Ator operário. Não são poucos os que estranham a ausência do ator em alguma novela ou minissérie na televisão, já que o discurso padrão na classe artística é a de que é impossível viver só de teatro. Não é o caso de Adrião, que garante sobreviver só do ofício. “O fato de ter o reconhecimento do público é um bom argumento na hora de acertar um cachê”, assinala. Na minissérie Amazônia, exibida pela Globo em 2007, ele chegou a fazer testes para interpretar um preceptor de Chico Mendes, um comunista foragido da Coluna Prestes. O Távora apareceu apenas em dois capítulos, mas era um sujeito importantíssimo porque foi responsável pela alfabetização de Chico Mendes.

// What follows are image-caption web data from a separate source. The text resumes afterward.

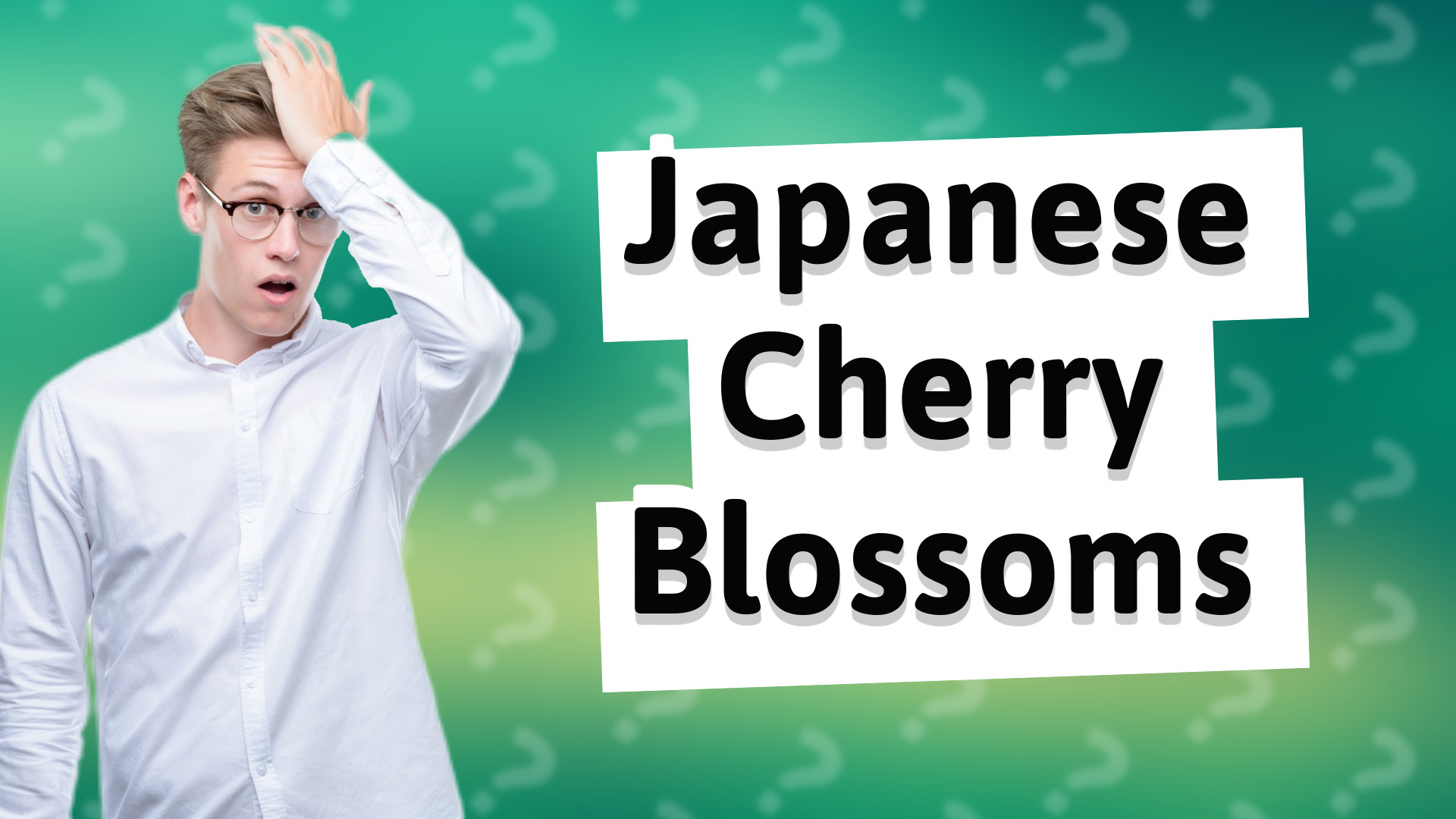 Japanese Cherry Blossoms
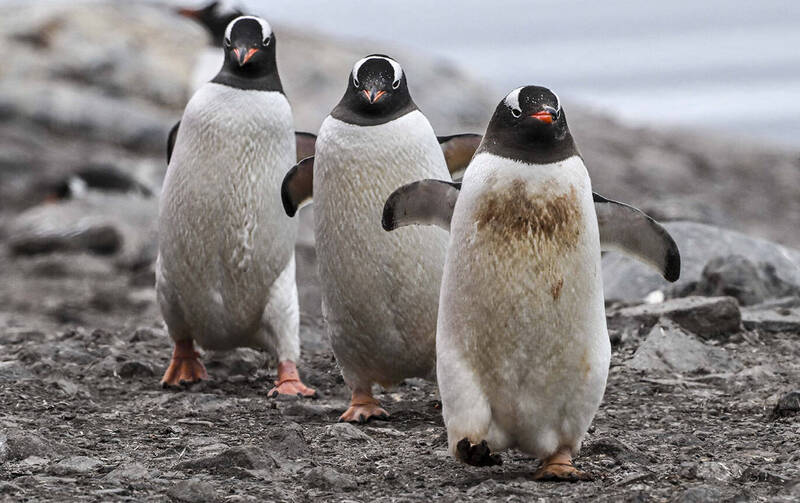 研究人员近日在马尔维纳斯群岛，发现了约35只死亡的巴布亚企鹅。（美联社）(photo:LTN)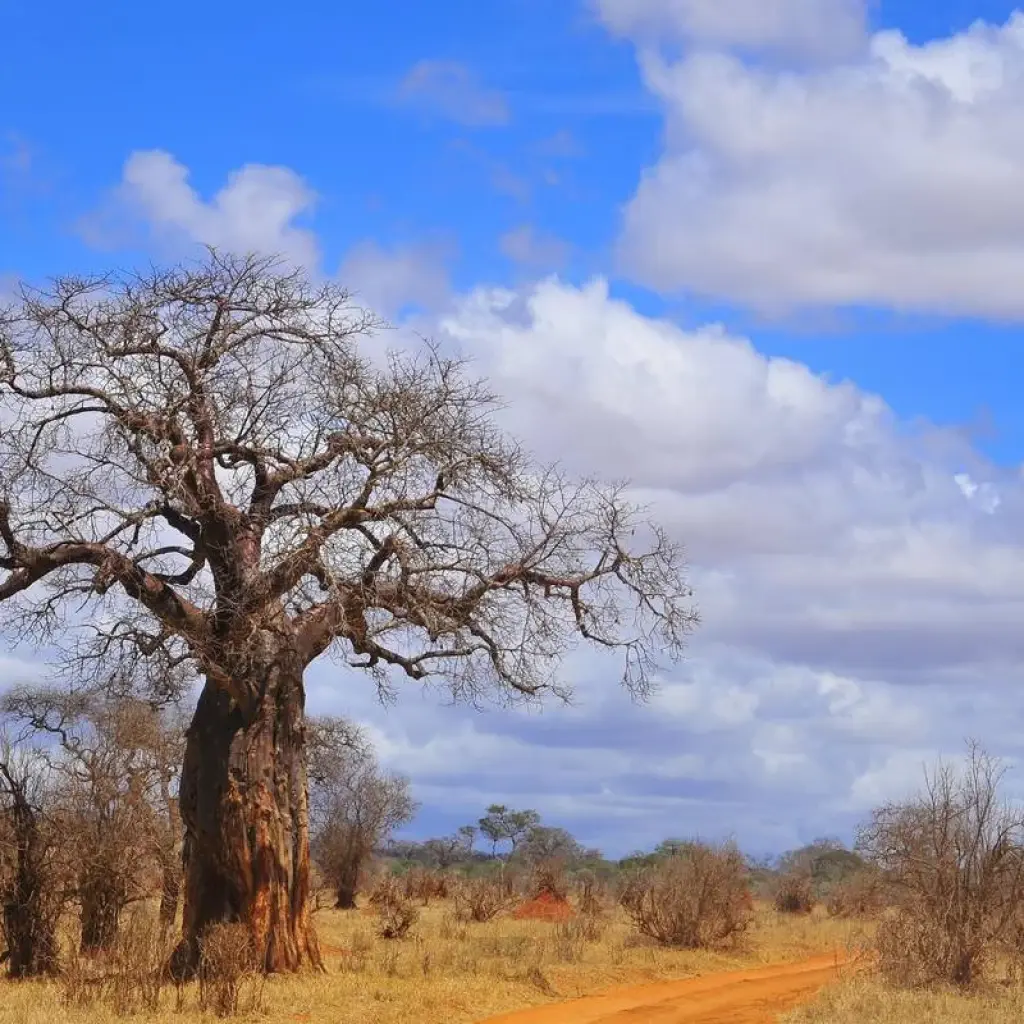 Explore 3-Days Tarangire & Ngorongoro Mid-Range Private Safari From & To Zanzibar for 3 days with African Polecat Safaris and discover unforgettable experiences - Photo 2
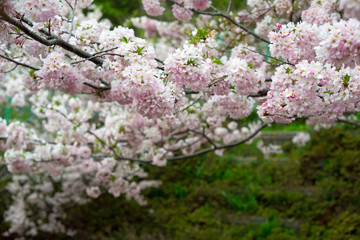 Spring Cherry blossoms, pink flowers.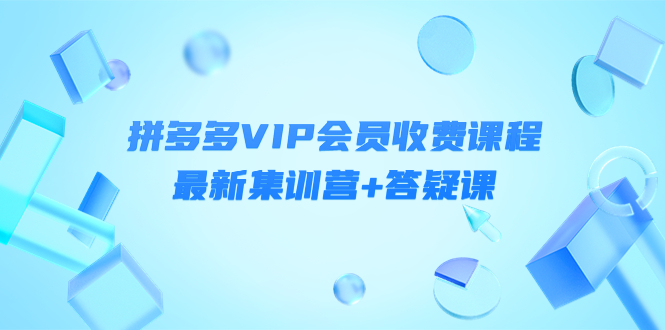 (4127期)某社群·拼多多VIP会员收费课程,最新集训营+答疑课-价值3299元-汇课新知资源网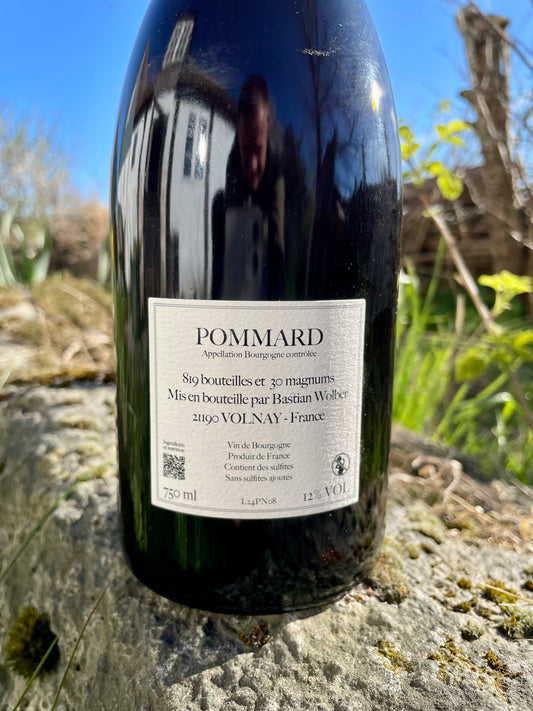 Bastian Wolber, Laisse Tomber - Pommard 2024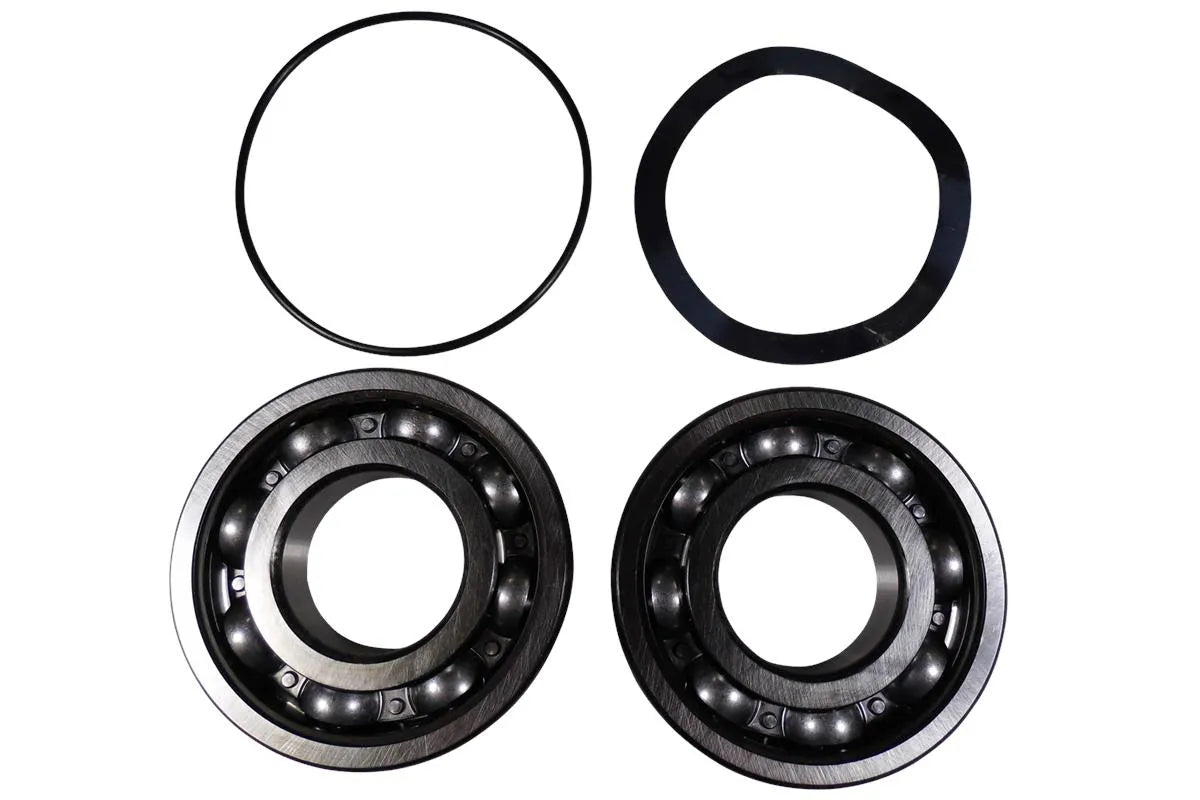 Grundfos 96796674, Ball Bearing Kit 6309.Z.C4/6309.Z.C4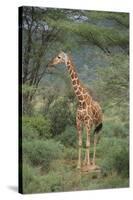 Giraffe Protecting Her Young from Predation-DLILLC-Stretched Canvas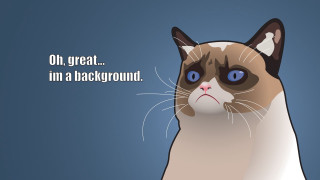 Sad cat quote image png - a quote above free wallpaper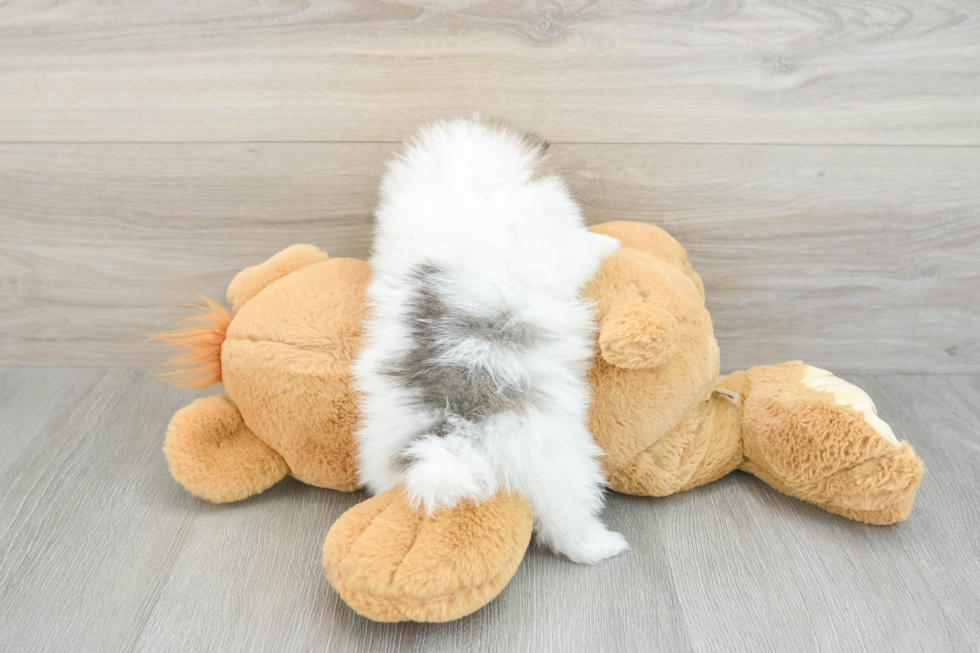 Pomeranian Pup Being Cute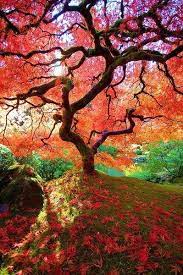 Beautiful Gardens Around The World The Famous Maple Japanese Gardens Portland Oregon Portland Japanese Garden Beautiful Nature Japanese Garden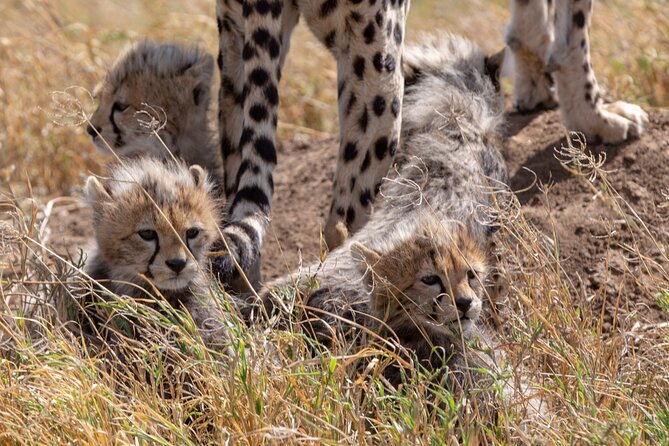10-Day Predators Tanzania Safari Luxury Package - Day 4 in Manyara: Birding Energy and Lions That Love the Trees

“Não tenho nada contra a tevê, que é um excelente veículo para quando tenho tempo e saco”, brinca. “Também não critico quem faz novelas, talvez seja obrigatório mesmo para se ganhar dinheiro na profissão. Não acho que um ator tem de fazer de tudo. Tem gente que só prefere fazer cinema, outros querem apenas teatro, há quem privilegia televisão, qual o problema? Só não dá para ser ingênuo: atuar em telenovela significa também lidar com a mídia de celebridades, se transformar no alvo de qualquer coisa, para o bem e para o mal, perder a privacidade”, avalia ele. No ano passado, ele trabalhou em um docudrama na tevê inglesa sobre cidadãos americanos que se tornaram prisioneiros por tráfico de drogas. Foi escolhido por falar perfeitamente inglês.

Foi na virada dos 40 anos, quando montou A Descoberta das Américas, que Adrião conseguiu relativa autonomia profissional. Mas para chegar até aí, nada caiu do céu. O ator já fez muito o circuito do chamado teatro corporativo, exibindo-se em empresas e indústrias. “Já me apresentei em linhas de montagem e automotiva, junto aos operários, botava duas cadeiras no chão e mandava ver, durante meia hora eu teatralizava situações de segurança no trabalho”, lembra. “Foi enriquecedor porque se eles nunca tinham visto teatro, eu também nunca havia estado numa linha de montagem”, ressalta. “O fato é que esse tipo de trabalho me deu de comer e à minha família durante muito tempo. Como costumo dizer, tudo vale a pena, desde que você esteja a fim.”